Dáil debates
Thursday, 7 December 2023
Planning and Development Bill 2023: Second Stage (Resumed)
4:05 pm
Joe McHugh (Donegal, Fine Gael) | Oireachtas source
And consistency.
I welcome the Minister of State and his officials to the House and thank the officials who are not here who have been working on the planning Bill. It is an enormous piece of work and an enormous amount of time went into it. It is a timely review that irons out the kinks, for want of a better word, or contradictions in the existing legislation which led to a lot of judicial reviews and court challenges. This is important, timely and necessary legislation. Resourcing must follow the plans in this legislation. To give a figure from my local authority, Donegal County Council will need about 24 extra staff members to deal with the different responsibilities and accountabilities in this legislation. The resources must follow. Duplication has been taken out of this legislation. It is plan-led decision making. From my contact with some of the planning officials in my local authority area, it streamlines it to an extent and takes out the grey areas.
That is where I leave the planning Bill. I wish to raise an issue concerning a planning development in my parish, which was agreed upon with the Department and local authority in 2018. There was a €3 million announcement. It went through the planning processes; it was a turnkey development.
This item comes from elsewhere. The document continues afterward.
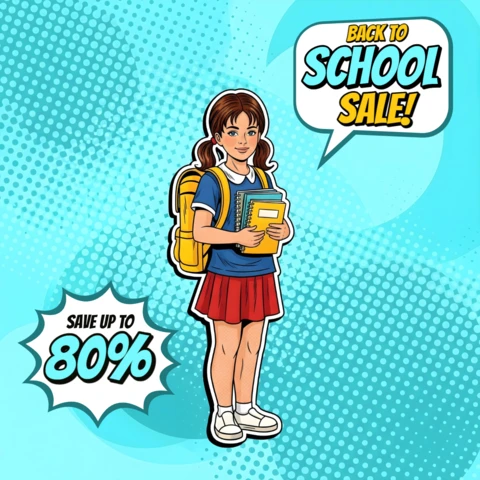 コミックの新学期セール 学生とバックパック&文房具のハーフトーン背景デザインテンプレート プロモーションフライヤー用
The planning authority was happy with all of the requirements and specifications. Everything was going in the right direction in 2018. Those houses could have been built today, only there was no streamlining of communication or co-ordination between the local authority and Irish Water. Irish Water has designed the sewerage treatment plant and, in fairness to the local authority, it will not put in 34 extra houses in a small village unless the required sewerage treatment plant is in place. That is acceptable. We have been waiting all that time for Irish Water to put a contractor on site and do that work. It has not happened. The designs are complete - all it requires is that the contractors be appointed. I would like the Minister of State, be it himself or through his officials, to make formal contact tonight with Irish Water to try to expedite that situation. He should not be doing that and it should not require me standing up here tonight. Is it a competency of the Customs House and the officials in the Department of local government? There will be an argument that it is not its job to ensure progress is made with a competency outside of its control but the question I raised is perhaps there will be an opportunity to address it at some stage. It is not in the 710 pages of this planning Bill, as far as I am aware. Should there be oversight in ensuring developments progress? There will be different service providers at different junctures in a planning process which, for one reason or another, will hold up specific projects. Perhaps there is an opportunity in this planning legislation to ensure that oversight to move things along pro-actively, progressively and in the right manner. Meanwhile - this is where I digress from the planning Bill - one family, as many families on the housing list, in my parish and environs have been waiting in hope for five years.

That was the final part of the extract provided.